Bunun yanında müvekkil, daha
önce pek çok kez dile getirmiş olduğu üzere, zatıalinizden “kendisine veya arkadaşlarına
ayrıcalıklı özel bir uygulama yapılmasını” da asla beklememektedir. Ancak zatıalinizin, mahkemeleri
kendilerine yönelik pervasız baskılardan etkilenmemeye, karar ve
uygulamalarında adil, bağımsız ve tarafsız olmaya azami özen göstermeye davet
eden BİR ÇAĞRIDA BULUNMASININ, ülkemiz
için son derece faydalı ve rahatlatıcı olacağını düşünmektedir.
Hatta bunun aksinin, yani (makamınız
gereği böyle bir konuda açıklama yapmak en doğal hakkınız olmasına rağmen) zatıalinizin
suskun kalmasının, hem derin devlet yapılanmalarını daha da cesaretlendirip
pervasızlaştıracağı hem de vatandaşlarımız nezdinde çeşitli yanlış
anlaşılmalara yol açabileceği kanaati taşımaktadır.
Sayın Cumhurbaşkanımız,
Müvekkil Adnan Oktar’a ve
arkadaşlarına kurulan kumpasta, sadece camiadan ayrılmış husumetli
insanların değil, aynı zamanda yazılı ve görsel basında
camiaya husumetiyle tanınan kişilerin de devreye sokulduğu
görülmektedir.
·
Bu kişiler, ellerine geçen her fırsatta müvekkil
ve arkadaşları aleyhinde gerçek dışı yayınlar yapmaktadırlar.
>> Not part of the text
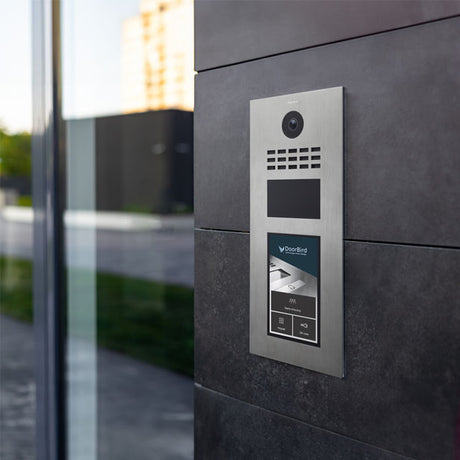 DoorBird D31TDV-V2A, Surface & Flush Mount possible, IP Video Door Station Stainless Steel, 7" Touch Display, For multi-tenant residences and buildings with up to 1000 units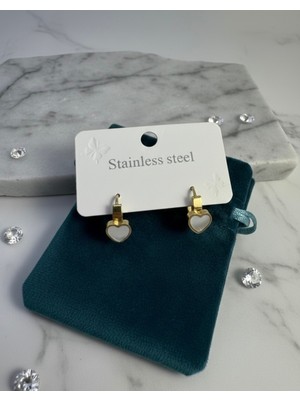 Meneva Aksesuar Altın Renk Çelik Minimal Kalp Inci Küpe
Bu yayınlarla,
toplum müvekkil ve arkadaşları aleyhinde yönlendirilmeye çalışılırken,
yargılamanın gidişatı da belirlenmek istenmektedir.
·
Dava dosyasını 1 yıl süreyle titiz bir
incelemeye tabi tutan ve vermiş olduğu 400 sayfalık bozma kararında, ilk derece
yargılamasında 700’ün üzerinde hukusuzluk ve usülsüz yapıldığını tespit eden
Bölge Adliye Mahkemesi 1. Ceza Dairesi heyeti bile, bazı gazeteci ve
televizyon yorumcuları tarafından yapılan yazı, yorum ve değerlendirmelerle
açıkça hedef alınmış, hatta hedef tahtası haline getirilmişlerdir.
Bazı
yazı, yorum ve değerlendirmelerde o kadar ileri gidilmiştir ki, bozma kararı
veren istinaf mahkemesi heyeti de, güya iddia edilen hayali suç örgütünün bir
uzantısıymış gibi gösterilmiş ve haklarında soruştuma açılması sağlanmıştır.
·
Ayrıca husumetli gazetecilere, avukatlara ve
araştırmacılara da sanıklar hakkında çeşitli kitaplar yazdırılmış; bu
kitaplar, toplumu ve yargı sürecini müvekkil ve arkadaşları aleyhlerinde
etkileme amacına hizmet etmekte kullanılmışlardır.
Derin
devlet yapılanmasının bu hukuksuz yöntem ve uygulamaları sayesinde, davanın
başından bu yana müvekkil ve arkadaşları lehinde bir karar çıkmasının önünün
kesilmeye çalışıldığı açık şekilde görülmektedir. Bunun en somut
örneklerinden birisi ise, yargılama sürecinde müvekkil
ve arkadaşları lehindeki ilk ve tek karara imza atan istinaf mahkemesi heyeti
hakkında soruşturma açılırken, aleyhte kararlar alan hakim ve savcılarınsa
terfi ettirilmeleridir.
Bu
fiili durum maalesef ki, yeniden yargılamayı yürüten İstanbul 30. ACM’nin yeni
heyet üyesi hakimleri üzerinde de etkisini göstermektedir. Kısa bir süre önce
başlayan yeniden yargılama süreci boyunca mahkeme heyeti ısrarla;
-
Müvekkil ve arkadaşlarının masumiyetlerini
ortaya koyan savunma delillerinin tümünü görmezden gelmektedir.
-
Müvekkil ve arkadaşlarının savunma haklarını
ellerinden almaktadır. Örneğin,
müvekkil Adnan Oktar’ın avukatlarıyla olan görüşmeleri haksız gerekçelerle
halen daha kısıtlı durumdadır.
-
Savunmanın haklı tüm talepleri, güya süre
kazanılmaya çalışıldığı gibi gerçek dışı gerekçelerle sürekli olarak
reddedilmektedir.
-
Etkin pişman sanıkların mahkeme ifadelerinde müvekkil ve arkadaşlarına
yönelik galiz hakaretlerde bulunmalarına alenen müsaade etmektedir. Müvekkil
ve müdafileri tarafından bu hakaretlere engel olunması gerektiği yönündeki uyarıları ise, mahkemece
görmezden gelinmekte ve “varsa şikayetiniz gider şikayet edersiniz”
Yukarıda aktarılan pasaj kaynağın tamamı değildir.